CS 2120: Class #11¶
Plotting with Python¶
Now that you know how to load and manipulate data, we’re going to spend some time learning how to visualize our data (and the results of processing it).
If you’re running Python from the command line, try this:
% ipython --pylab
otherwise, make sure you do this before trying anything below:
>>> from pylab import *
Anyone remember what that’s doing?
If you’re like me and like the namespace, do this:
>>> import matplotlib.pylab as plt
- Just, if you do this, be sure to add
plt.
before whenever you’re calling a plotting thing. - Ex.
plt.plot(x)
orplt.clf()
orplt.title('something')
- Ex.
- Just, if you do this, be sure to add
Before we start: If you need to clear your plot at any time, just type:
>>> clf()
Let’s get some data¶
Activity
Download this Google Trends CSV .
- Each row is a week. Starting in 2004, up to the 2012-ish
- The columns are the search terms ‘vampire’, ‘zombie’, ‘flu’, ‘ice cream’
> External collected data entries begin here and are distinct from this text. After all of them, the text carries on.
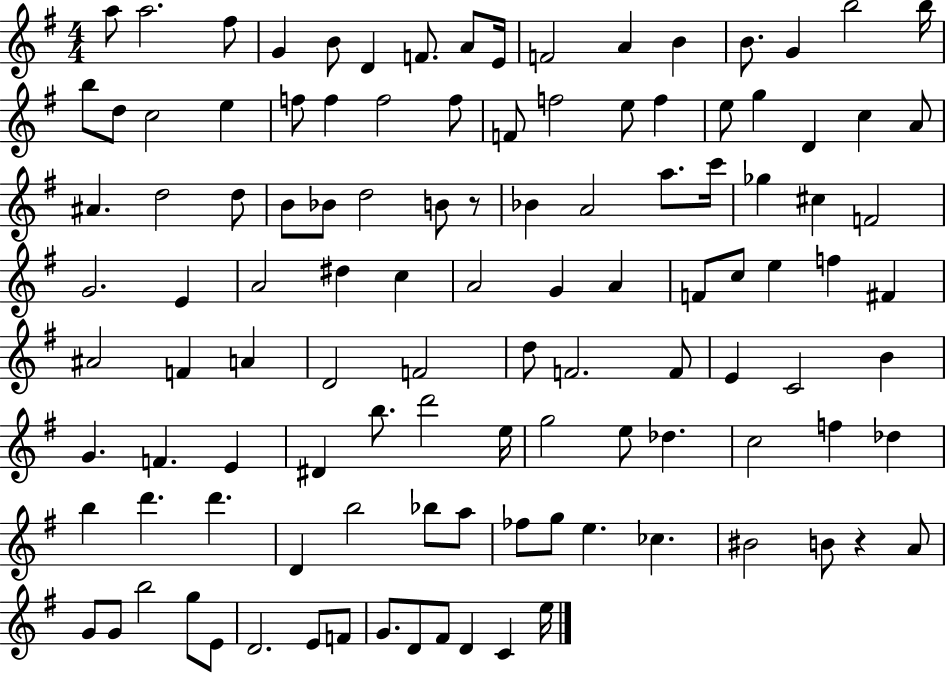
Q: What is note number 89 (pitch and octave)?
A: B5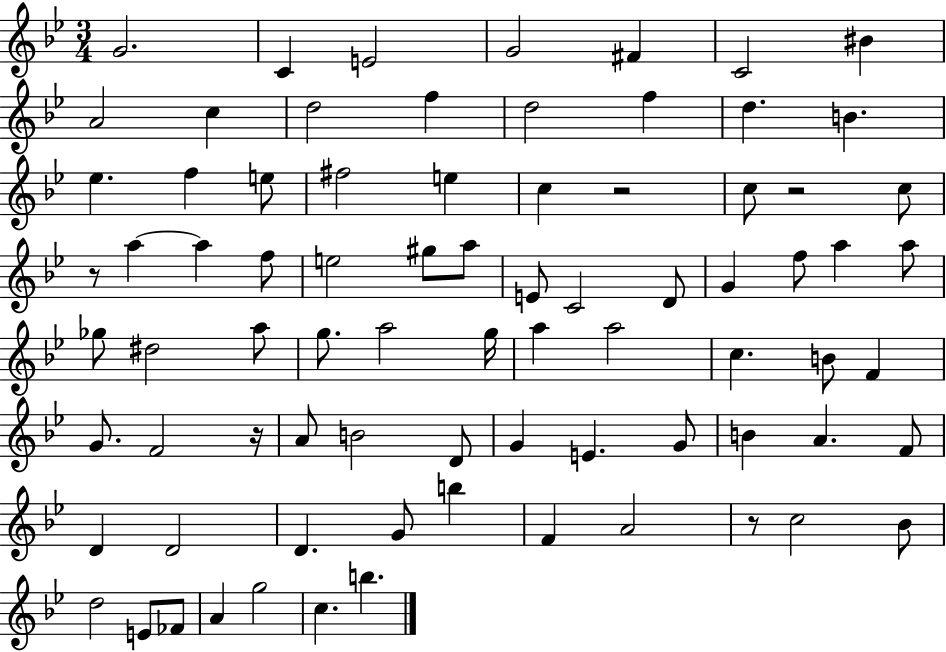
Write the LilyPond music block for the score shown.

{
  \clef treble
  \numericTimeSignature
  \time 3/4
  \key bes \major
  \repeat volta 2 { g'2. | c'4 e'2 | g'2 fis'4 | c'2 bis'4 | \break a'2 c''4 | d''2 f''4 | d''2 f''4 | d''4. b'4. | \break ees''4. f''4 e''8 | fis''2 e''4 | c''4 r2 | c''8 r2 c''8 | \break r8 a''4~~ a''4 f''8 | e''2 gis''8 a''8 | e'8 c'2 d'8 | g'4 f''8 a''4 a''8 | \break ges''8 dis''2 a''8 | g''8. a''2 g''16 | a''4 a''2 | c''4. b'8 f'4 | \break g'8. f'2 r16 | a'8 b'2 d'8 | g'4 e'4. g'8 | b'4 a'4. f'8 | \break d'4 d'2 | d'4. g'8 b''4 | f'4 a'2 | r8 c''2 bes'8 | \break d''2 e'8 fes'8 | a'4 g''2 | c''4. b''4. | } \bar "|."
}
- The numbers are “search volume index” (normalized to ‘flu’).
Now get this data into Python!
- Open a
csv.reader
(look at last class’ notes)- Read each row into a list
You should now have a ‘list of lists’. Convert it to a NumPy array of floats, and switch rows for columns. e.g., if it’s in the variable ‘data’, do this:
>>> data = numpy.array(data).astype(numpy.float).transpose()
Make sure you understand how that line works!
Simple plots¶
We can do a simple line plot of 1D data with the
plot()
command.Try this:
>>> plot(data[0])
OR, try this if you’re like me and
import matplotlib.pylab as plt
:>>> plt.plot(data[0])
Activity
What did we just plot? How could you do a similar plot for the popularity of the search term ‘zombie’?
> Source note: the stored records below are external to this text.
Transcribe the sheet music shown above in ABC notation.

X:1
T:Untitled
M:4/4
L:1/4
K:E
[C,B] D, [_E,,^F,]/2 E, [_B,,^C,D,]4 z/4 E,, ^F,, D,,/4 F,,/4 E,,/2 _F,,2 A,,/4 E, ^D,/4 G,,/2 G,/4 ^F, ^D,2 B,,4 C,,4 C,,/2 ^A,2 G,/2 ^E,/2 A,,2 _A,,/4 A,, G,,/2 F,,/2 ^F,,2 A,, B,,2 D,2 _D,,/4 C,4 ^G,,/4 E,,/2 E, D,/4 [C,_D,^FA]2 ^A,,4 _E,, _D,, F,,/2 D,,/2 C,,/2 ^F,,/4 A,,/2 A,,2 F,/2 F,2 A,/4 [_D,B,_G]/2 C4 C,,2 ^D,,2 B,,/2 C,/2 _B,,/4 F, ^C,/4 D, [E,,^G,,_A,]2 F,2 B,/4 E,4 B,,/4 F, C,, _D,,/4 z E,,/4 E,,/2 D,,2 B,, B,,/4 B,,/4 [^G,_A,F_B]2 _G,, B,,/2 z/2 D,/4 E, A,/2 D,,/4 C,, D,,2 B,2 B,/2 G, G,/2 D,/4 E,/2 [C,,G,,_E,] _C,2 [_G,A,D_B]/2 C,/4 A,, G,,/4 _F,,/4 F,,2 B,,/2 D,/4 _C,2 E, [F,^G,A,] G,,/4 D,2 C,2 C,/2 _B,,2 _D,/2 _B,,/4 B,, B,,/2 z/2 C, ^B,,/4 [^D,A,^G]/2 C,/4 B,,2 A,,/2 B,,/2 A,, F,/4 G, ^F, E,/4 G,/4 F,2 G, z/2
Can you plot both the search volumes for ‘vampire’ and ‘zombie’ on the same graph?
Activity
Experiment with the following commands. What do they do to your plot?
grid()
xlabel('This is a label!')
ylabel('Another label!')
title('My title')
axvline(100)
Save your plot to disk as an image.
There are a crazy number of options that you can pass to
plot()
. Like these:>>> plot(data[0],':') >>> plot(data[1],'--') >>> plot(data[2],'r--')
Activity
- Plot search volume for ‘flu’ (
data[2]
) against ‘ice cream’ (data[3]
). - Don’t forget about
clf()
- Don’t forget about
Use different line types for the two plots. Use the ‘zoom tool’ to magnify the portion of the graph below y==20
.
See any trends worth noting? Visual inspection is a power tool for data analysis.
I wonder if any of our keywords have search volumes that are linearly related to each other?
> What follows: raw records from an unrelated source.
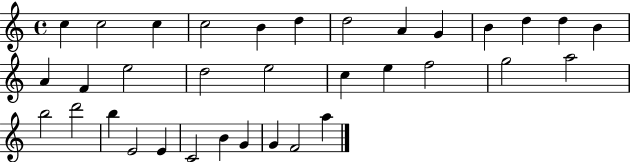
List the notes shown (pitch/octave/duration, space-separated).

C5/q C5/h C5/q C5/h B4/q D5/q D5/h A4/q G4/q B4/q D5/q D5/q B4/q A4/q F4/q E5/h D5/h E5/h C5/q E5/q F5/h G5/h A5/h B5/h D6/h B5/q E4/h E4/q C4/h B4/q G4/q G4/q F4/h A5/q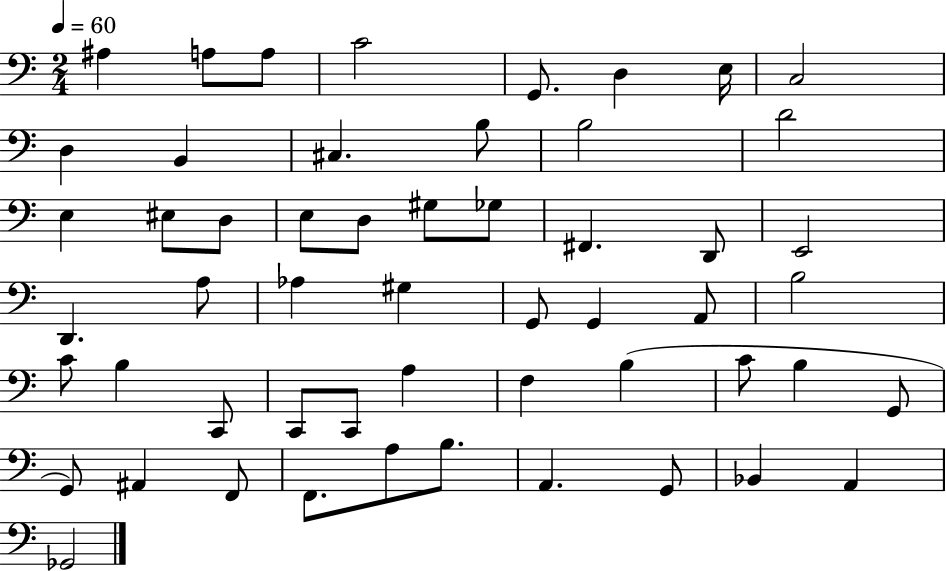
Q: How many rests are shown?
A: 0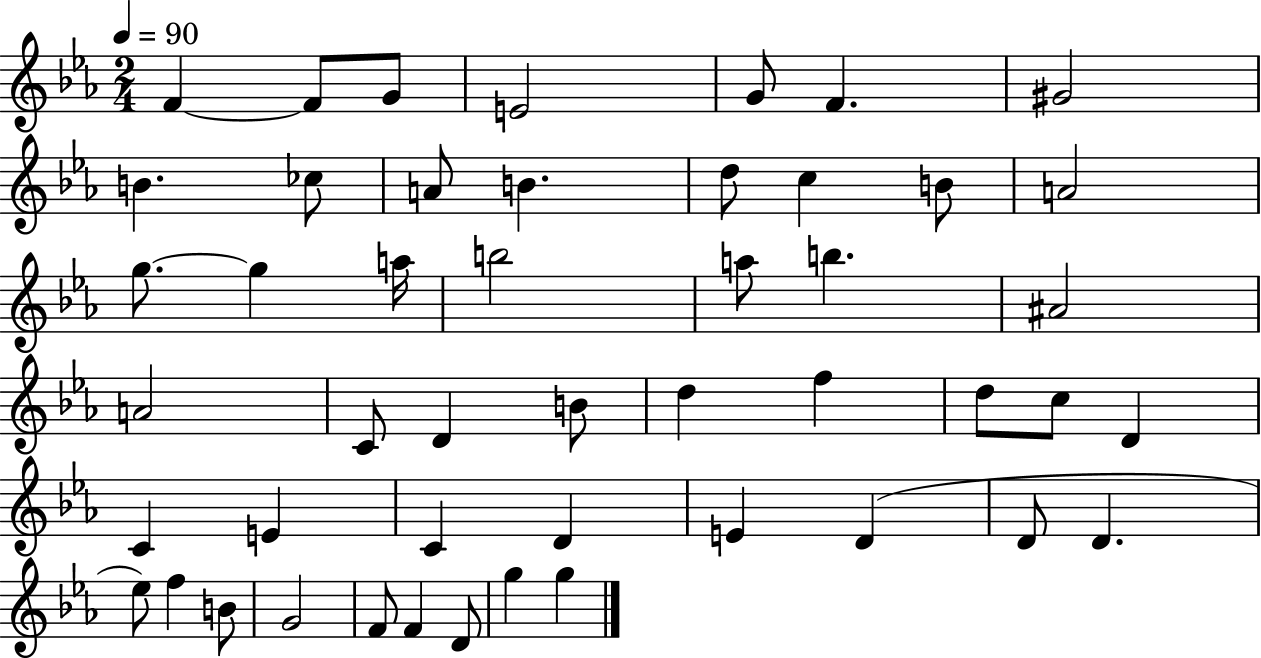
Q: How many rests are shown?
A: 0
Pearson Correlation is a good way to check this.
We could compute r-values, for each pair, like this:
>>> import scipy.stats >>> scipy.stats.pearsonr(data[1],data[0]) (0.7604487911797595, 1.0173257365818087e-87) ...
Or we could be lazy, and complete the full correlation matrix with one command:
>>> cor = numpy.corrcoef(data)
Activity
Build the correlation matrix for data
. Look at it. What does it tell you?
2D Plots¶
Let’s look at our correlation matrix visually.
>>> matshow(cor)
Each square is one entry in the 2D array. Pretty intuitive.
We can change colour schemes, too. E.g.:
>>> gray() >>> hot()
And, if the axis labels are annoying us, or we need a colour scale:
>>> axis('off') >>> colorbar()
Activity
Start with a bigger array: r = numpy.random.rand(50,50)
. Plot this array,
using matshow
with a colour bar and no axis labels. What happens if you
use imshow
instead of matshow
? (Try zooming WAAAY in).
Histograms and boxplots¶
Sometimes you want to see the distribution of the values your data, rather than the values themselves.
Consider these data:
>>> u = numpy.random.rand(1000) >>> g = numpy.random.normal(size=1000)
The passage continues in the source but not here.